━━━━━ Entries supplied ━━━━━

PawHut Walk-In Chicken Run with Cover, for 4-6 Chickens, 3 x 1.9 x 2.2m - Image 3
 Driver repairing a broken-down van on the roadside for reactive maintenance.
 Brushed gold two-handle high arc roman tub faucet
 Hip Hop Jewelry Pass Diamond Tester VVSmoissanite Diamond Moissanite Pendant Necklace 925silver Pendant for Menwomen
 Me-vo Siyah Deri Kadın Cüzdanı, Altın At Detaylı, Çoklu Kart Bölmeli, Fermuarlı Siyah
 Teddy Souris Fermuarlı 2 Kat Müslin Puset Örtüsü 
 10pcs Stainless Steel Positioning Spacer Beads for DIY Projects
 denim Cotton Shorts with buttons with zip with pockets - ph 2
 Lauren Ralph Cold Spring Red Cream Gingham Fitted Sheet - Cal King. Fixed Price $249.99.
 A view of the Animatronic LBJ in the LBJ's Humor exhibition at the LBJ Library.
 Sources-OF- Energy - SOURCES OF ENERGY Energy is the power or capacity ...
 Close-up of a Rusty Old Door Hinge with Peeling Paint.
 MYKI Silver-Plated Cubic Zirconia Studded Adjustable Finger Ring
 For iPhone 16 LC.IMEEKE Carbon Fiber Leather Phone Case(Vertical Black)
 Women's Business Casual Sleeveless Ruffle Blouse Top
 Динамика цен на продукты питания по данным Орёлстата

━━━━━

Work to be completed |
When you reach the line containing "MYKI Silver-Plated Cubic" in the data above, retype it and each line after it through the final one, exactly as written.

Response area |
 MYKI Silver-Plated Cubic Zirconia Studded Adjustable Finger Ring
 For iPhone 16 LC.IMEEKE Carbon Fiber Leather Phone Case(Vertical Black)
 Women's Business Casual Sleeveless Ruffle Blouse Top
 Динамика цен на продукты питания по данным Орёлстата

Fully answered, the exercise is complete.